UPDATE SATURDAY 8:19 PM:
YAKIMA, WA - Yakima Police say they have arrested 26-year-old Manuel Verduzco in connection to the deaths of 27-year-old Karina Morales-Rodrigues and 30-year-old Marta Martinez. Both women were Moneytree employees at the location near Walnut and First Street where the shooting occurred this morning.
Yakima police say the two women were confronted by a suspect while they were opening the business Saturday morning. Verduzco was identified as a possible suspect through an investigation. More information came to light later in the day that led to Verduzco's arrest Saturday afternoon. He is booked into the Yakima County Jail on two counts of first degree murder. Police do not believe anyone else is involved in the shooting at this point.
"This is an active and ongoing investigation. Detectives are still in the process of obtaining search warrants, processing evidence, and speaking to persons who may have information on this case," Captain Jeff Schneider told NBC Right Now in a press release.
YAKIMA, WA - After an early morning shooting claimed the lives of two women in front of the Moneytree near South First Street, the company's President, Aggie Clark sent a statement to the public:
"We are extremely shocked and saddened by the grave incident that took place at our Yakima branch early Saturday morning.

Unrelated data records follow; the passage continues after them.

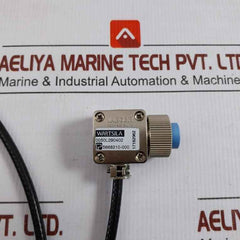0050L290402 Jaeger Connecteurs/Wartsila Temperature Transmitter 300/500 V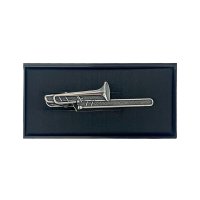 ネクタイピン　トロンボーン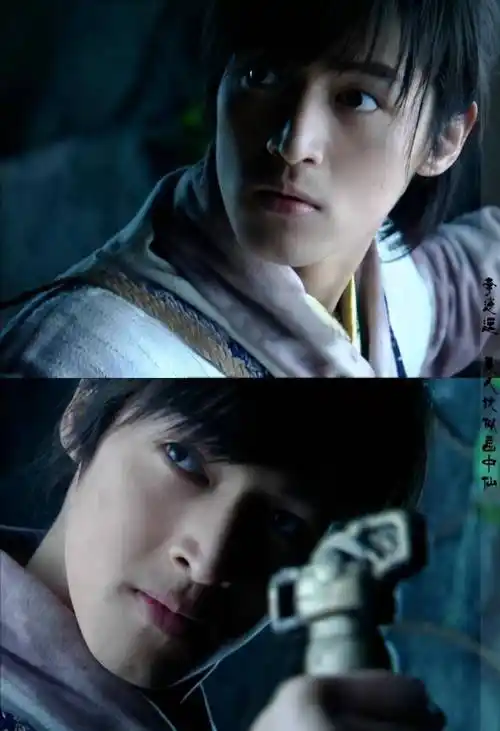 38岁胡歌现身老到脱相,男神李逍遥一去不复返_感觉_黄宗泽_灵魂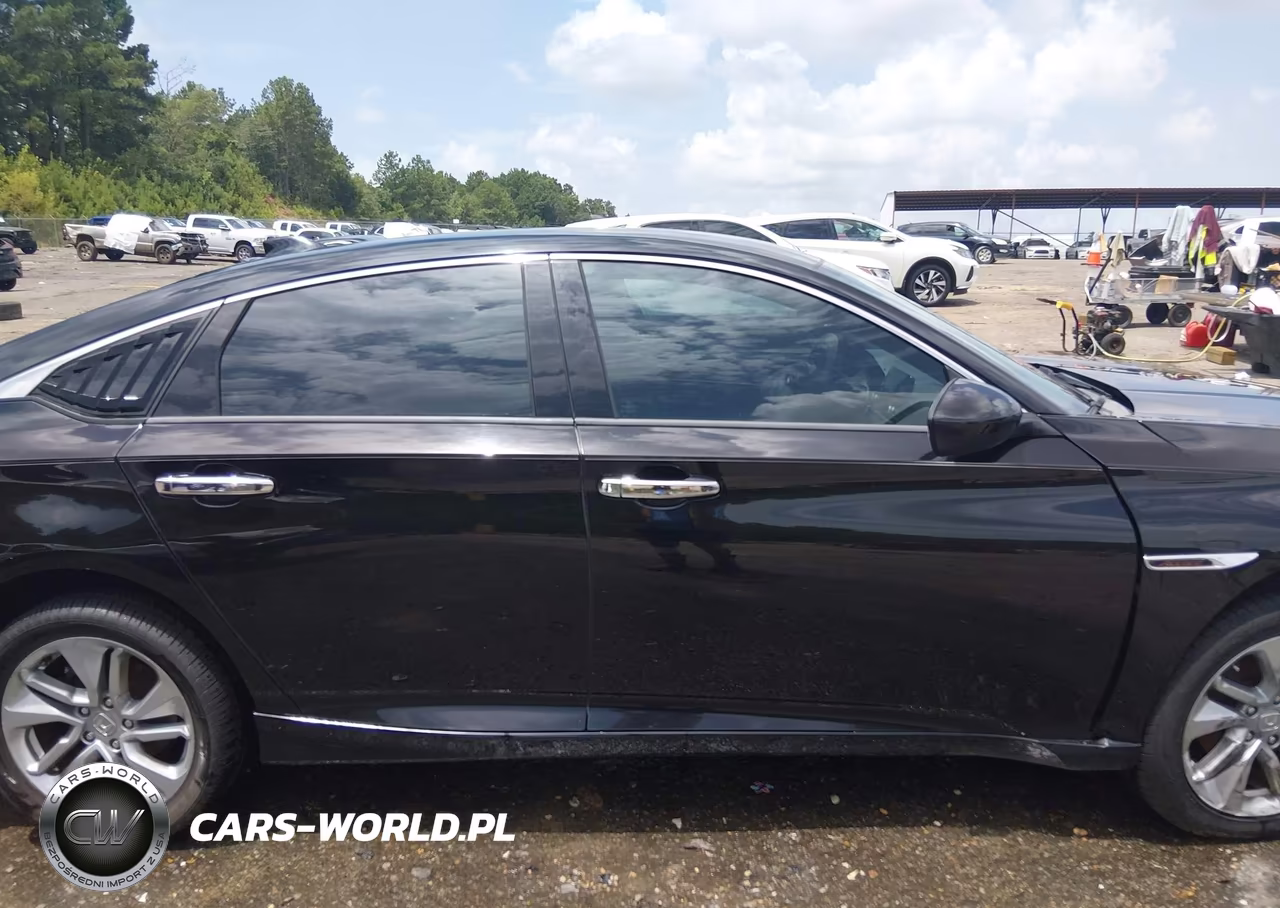 2018 Honda Accord Lx VIN:1HGCV1F11JA207255 - 13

All of Moneytree joins together to mourn the loss of our two Team Members who were brutally shot and killed. We appreciate the quick response from the Yakima police department and their diligent and ongoing efforts to apprehend those responsible. Our thoughts and prayers go out to our Team Members and their families during this horrible tragedy." -Aggie Clark, Moneytree President"

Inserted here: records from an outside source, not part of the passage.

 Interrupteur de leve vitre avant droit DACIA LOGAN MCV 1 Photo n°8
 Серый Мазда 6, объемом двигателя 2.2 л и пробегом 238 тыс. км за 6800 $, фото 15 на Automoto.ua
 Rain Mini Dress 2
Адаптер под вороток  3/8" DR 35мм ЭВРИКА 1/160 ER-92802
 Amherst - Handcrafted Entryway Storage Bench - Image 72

The company confirms to NBC Right Now the two female victims were employees at the business. Right now, detectives with Yakima Police are actively investigating the shooting and have not publicly identified any suspect or suspects. Both women died due to injuries from gunshot wounds. One of the women was found in front of the business door, the other in the street.

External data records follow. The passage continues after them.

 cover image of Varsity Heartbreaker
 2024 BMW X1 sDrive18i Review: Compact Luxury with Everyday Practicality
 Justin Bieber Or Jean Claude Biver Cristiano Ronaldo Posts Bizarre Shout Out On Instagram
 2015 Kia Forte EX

This is a developing story and will be updated as information becomes available.
3-26-16 ORIGINAL STORY:
YAKIMA, WA- The Yakima Police Department is investigating a shooting around 6 a.m. where two women were found dead outside Moneytree near 1st Street and Walnut Street in Yakima.
Right now, 2nd Street to 2nd Avenue is closed off due to the investigation. YPD asks that people avoid the area. This story will be updated as more information becomes available.